How to Stay Safe Driving During The Thaw
I normally do not hop into a truck with a man I have not met, but to conduct the research for this article, I made an exception. I hoisted myself into the bright yellow tow truck with the giddiness of a second grader.
“Welcome to my office,” Lee Carpenter, owner/operator of Artic Express Towing and Recovery, says.
He is wearing a brown Dickies jacket and a camouflage baseball hat.
Carpenter has been hauling wrecks for more than 30 years. He owns the only towing company in Chugiak-Eagle River. He slowly puts the truck in gear and we rumble down Glenn Highway.
I flip through Carpenter’s portfolio – two photo albums full of mangled cargo trucks, twisted passenger vehicles and even and a few smashed airplanes.

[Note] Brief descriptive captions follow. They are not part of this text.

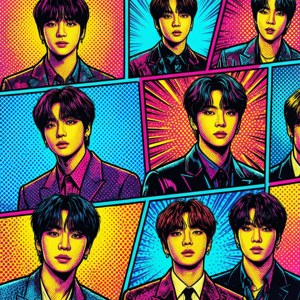 BTS in pop art-strookunsstyl, helder kleure. — Pixel Watch 3 Muurpapier
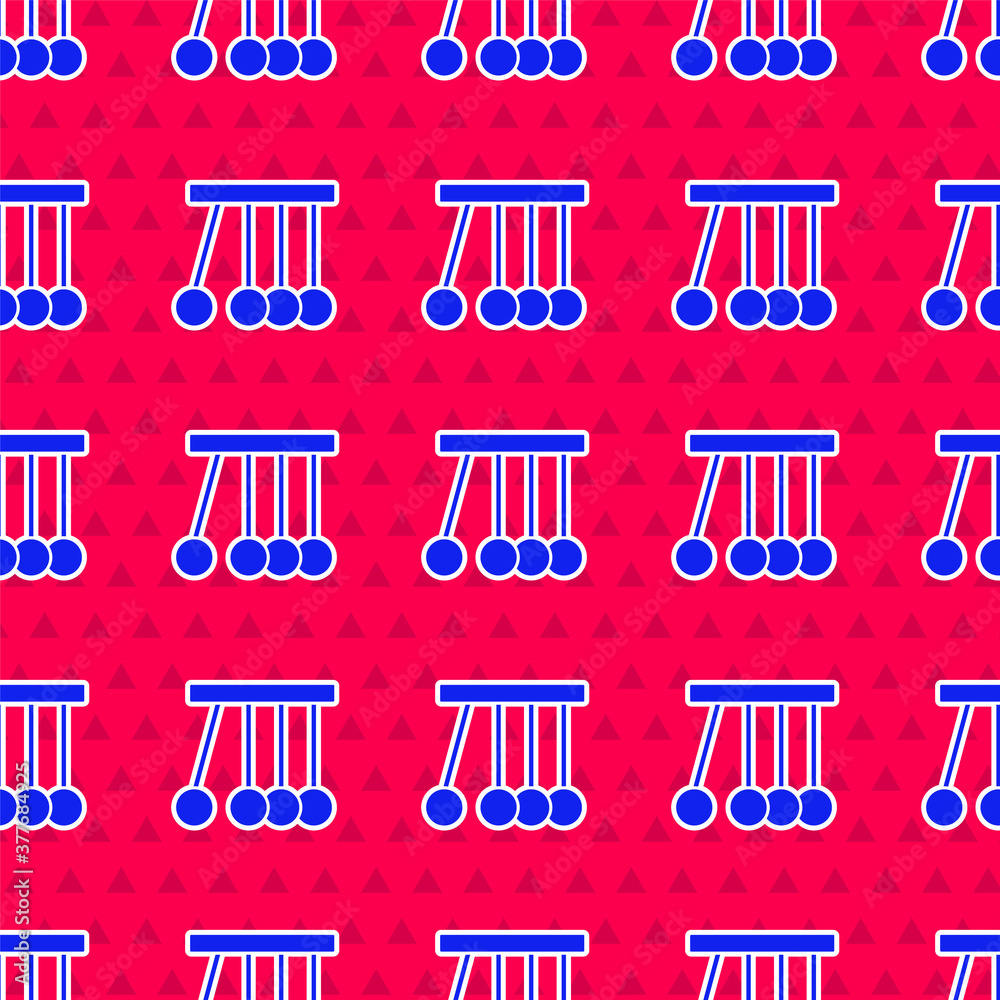 Blue Pendulum icon isolated seamless pattern on red background. Newtons cradle. Vector.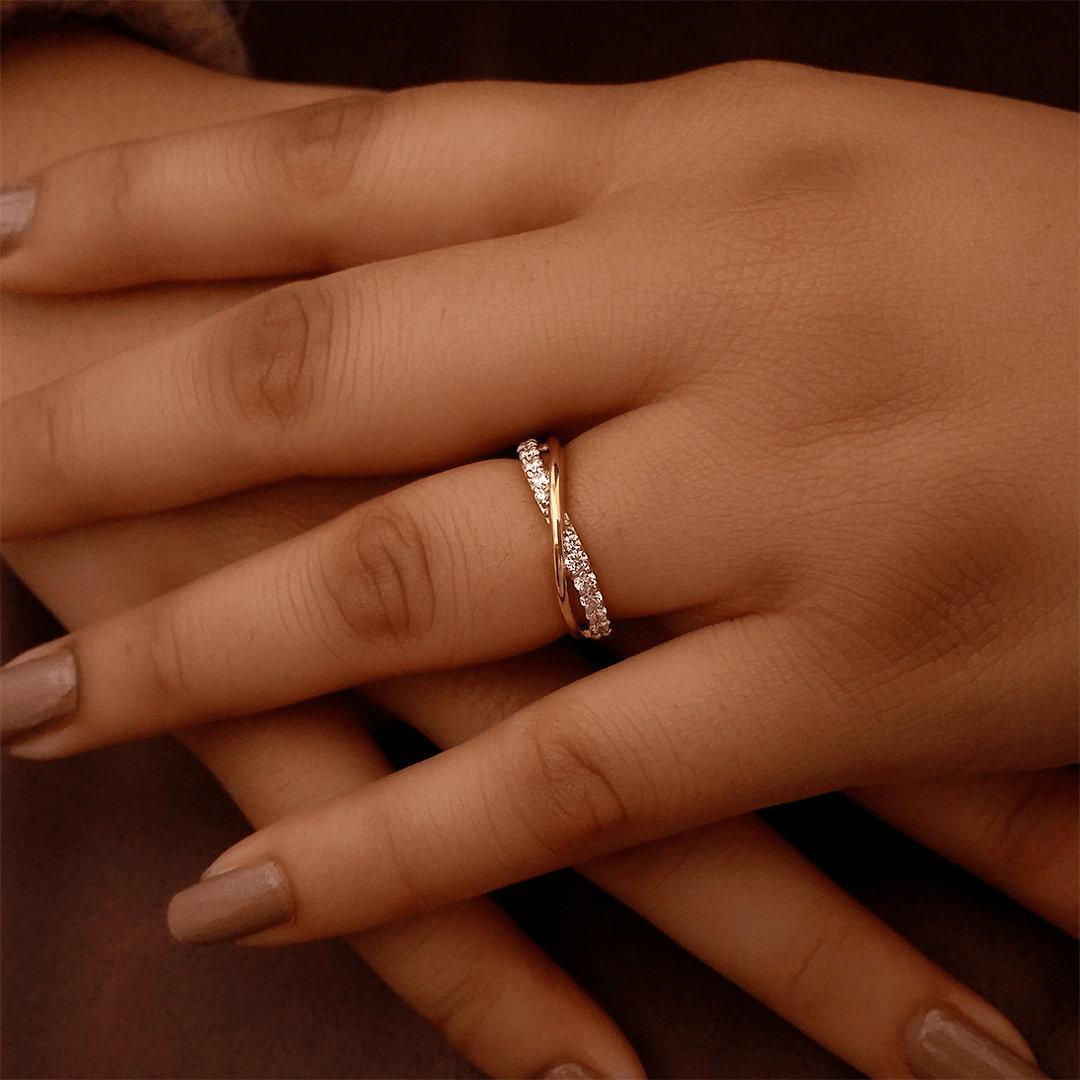 Rose Gold Twist Diamond Ring, Minimalist Pavé Promise Band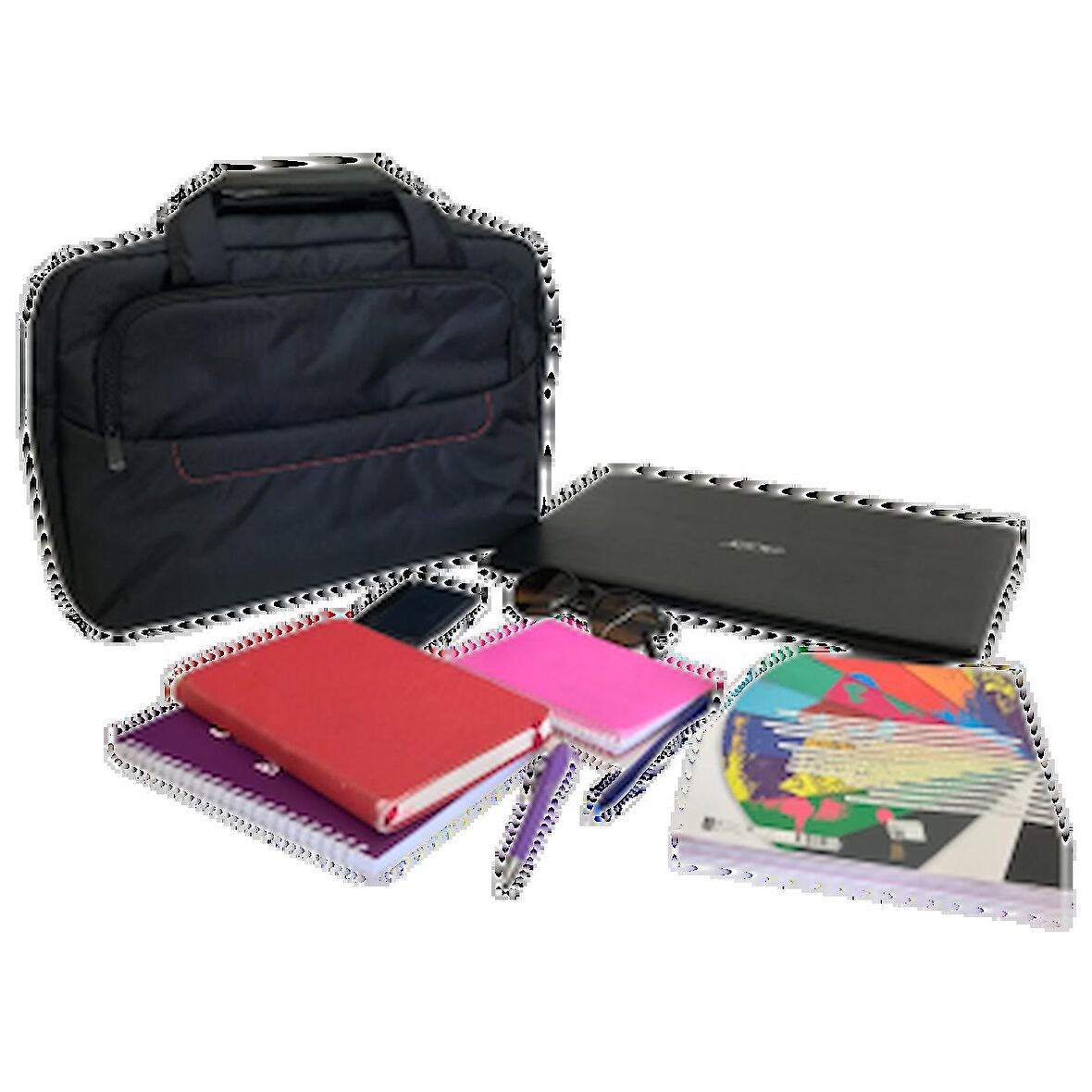 Remus Siyah Kırmızı Detaylı Askılı Laptop Notebook Evrak Çantası Unisex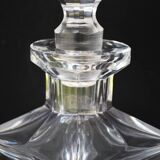 Vintage Mid Century Whiskey Square Engraved Jockey Decanter Lead Crystal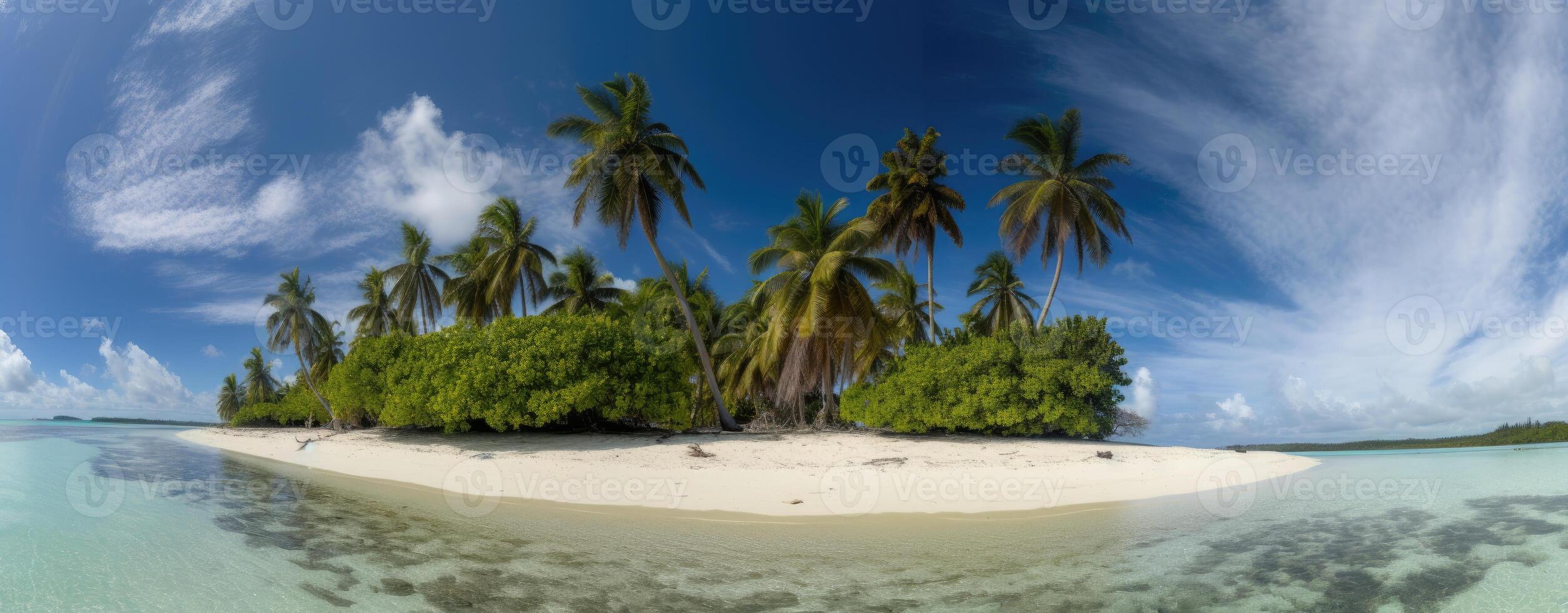 tropisch Paradies Strand mit Weiß Sand und Kokos Palmen Reise Tourismus breit Panorama Hintergrund Konzept. generativ ai. foto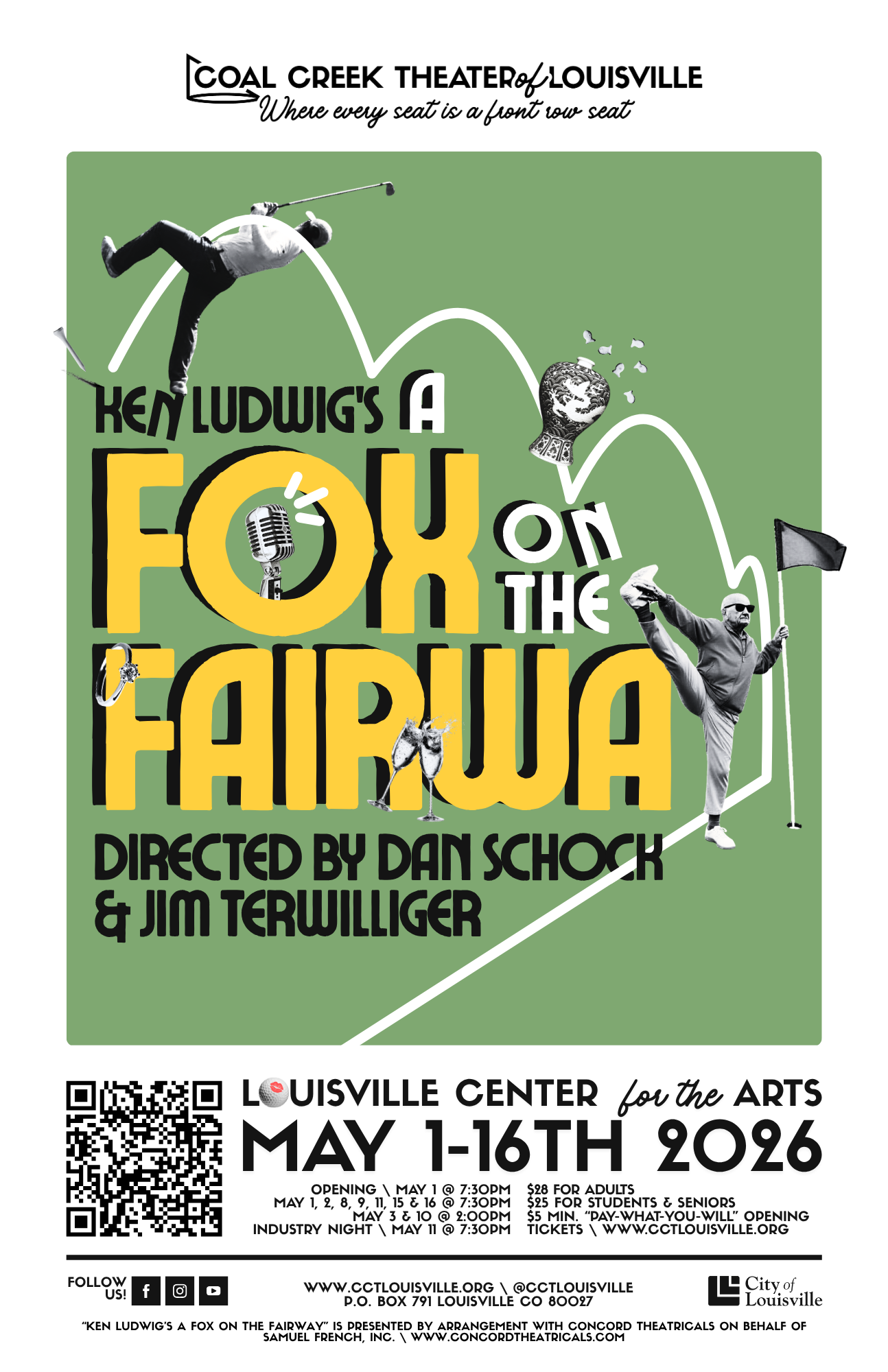 Poster for a theater production titled 'The Fox on the Fairway,' featuring a golf course with a hole, flag, and golf ball, with text mentioning Spring 2026, Ken Ludwig, directed by Dan Schock, and the Coal Creek Theater of Louisville logo.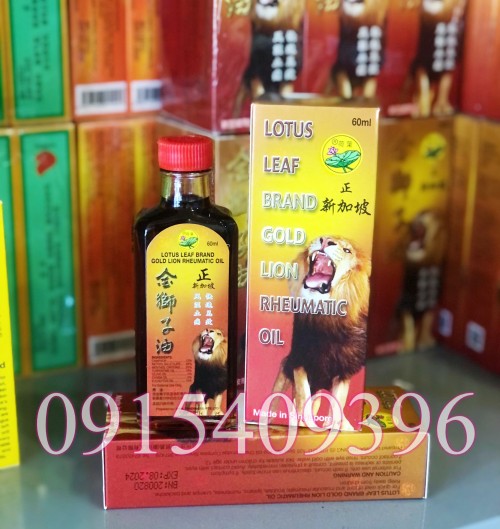 DẦU KHỚP SƯ TỬ LÁ SEN SINGAPORE 60ML - Lotus Leaf Brand Gold Lion Rheumatic Oil
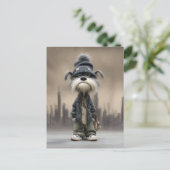 Grumpy Dog in Streetwear Briefkaart (Staand voorkant)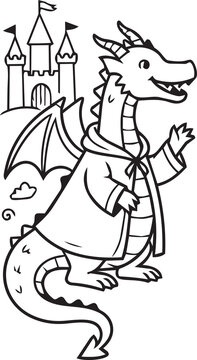 Cute Cartoon Dragon Wearing Robe in Front of Castle Line Art - Black and White Outline
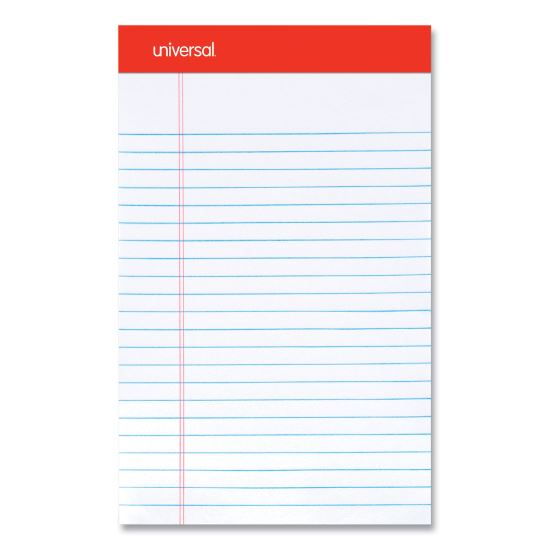 Perforated Ruled Writing Pads, Narrow Rule, Red Headband, 50 White 5 x 8 Sheets, Dozen1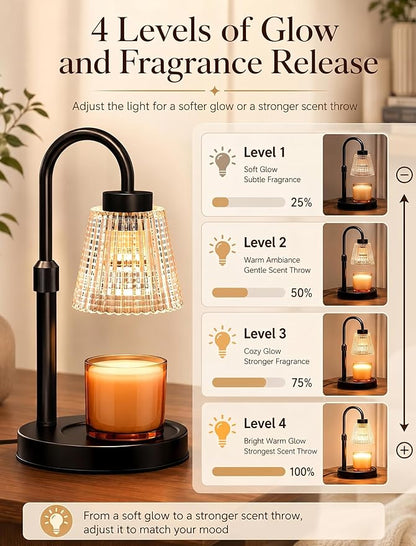 Girece Candle Warmer Lamp with Timer and Dimmer, Adjustable Height Electric Candle Warmer for Jar Candles, 2 Bulbs, Birthday Gifts for Women, Modern Home Decor Housewarming Gifts New Home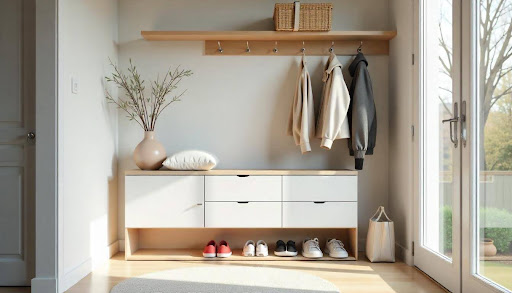 organized modern home entryway with coat hooks and storage bench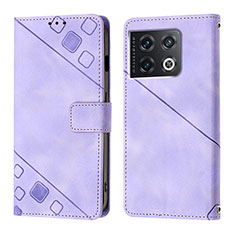 Funda de Cuero Cartera con Soporte Carcasa Y01B para OnePlus 10 Pro 5G Morado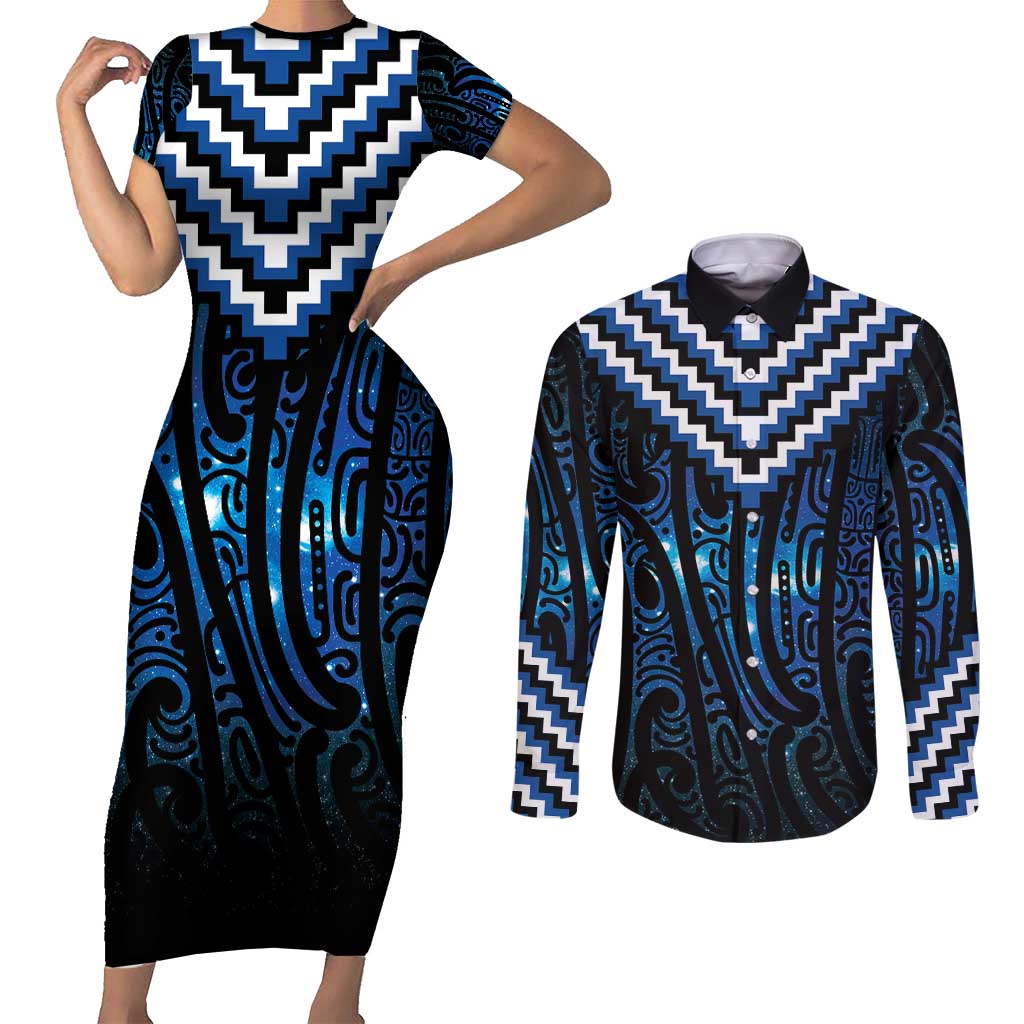 New Zealand Matariki Couples Matching Short Sleeve Bodycon Dress and Long Sleeve Button Shirt Galaxy Poutama Motifs LT7 Blue - Polynesian Pride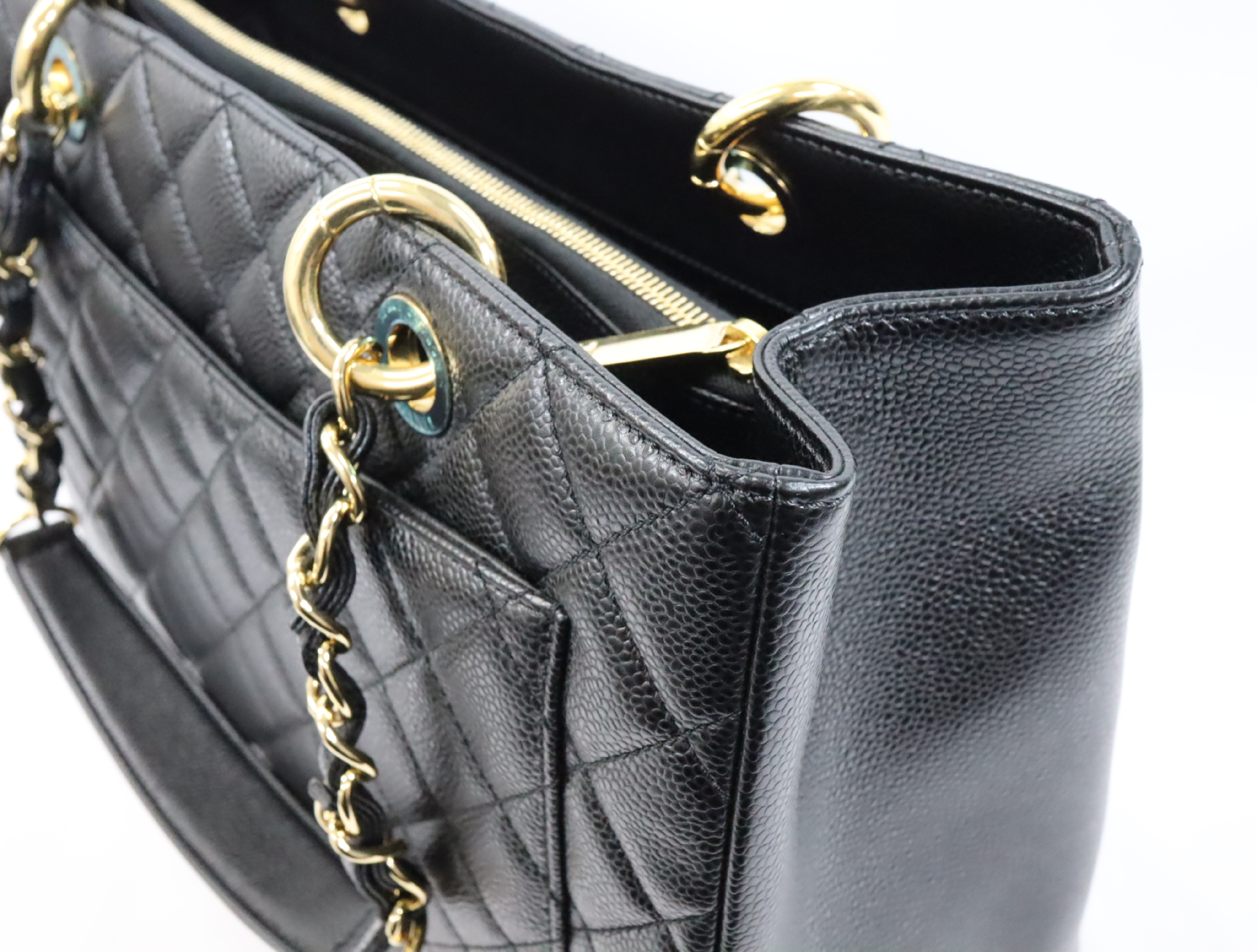 GST Caviar Skin Chain Tote Bag, Black, Serial Number 19, Gold Hardware, A50995 Tote Bag — view 12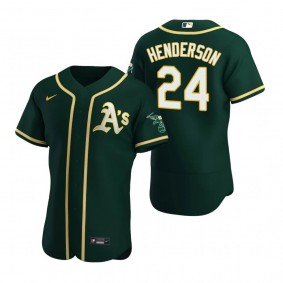 Men's Oakland Athletics Rickey Henderson Green Authentic Alternate Jersey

Today, Carpenter wants to show me something that worries him. He pulls his truck onto the shoulder of the Glenn Highway, pointed south. We are easily visible to other drivers as his yellow lights flash and his brake lights gleam red. Due to the size of the tow truck, we hang slightly over into the lane.
Alaska state law requires that motorists slow down and move over for emergency vehicles – which include tow trucks.
“Most people don’t listen,” Carpenter says, shaking his head in frustration.
We sit on the shoulder for five intense minutes and watch the cars whiz by. Within that time, only one car changes lanes. The other vehicles do not appear to have decreased their speed. One small car almost clips us.
“Every one of these (Artic Express) trucks have all been hit. Sooner or later, it’s going to be bad,” Carpenter says.
Carpenter describes his truck as a “20,000 pound portable guillotine.” He urges drivers to be aware of what is happening around them, not just the car ahead.
“Sometimes we’ll be at an accident scene and someone will crash into us because they’re not paying attention,” he says.
We leave the highway to pick up a scrap vehicle Carpenter is bringing to the Chugiak fire station for practice drills. Carpenter lets me pull and push the hydraulic levers as he helps me get the grey sedan onto the truck bed and chained into place.
On the way back from the station, Carpenter hits his breaks to show me how long it takes the tow truck to stop. At 40 mph, it takes 400 feet for the unloaded truck to come to a complete stop. That is 50 feet longer than a football field.
Carpenter advises motorists to give his trucks plenty of space and says it is not necessary to speed up to get ahead of a tow truck.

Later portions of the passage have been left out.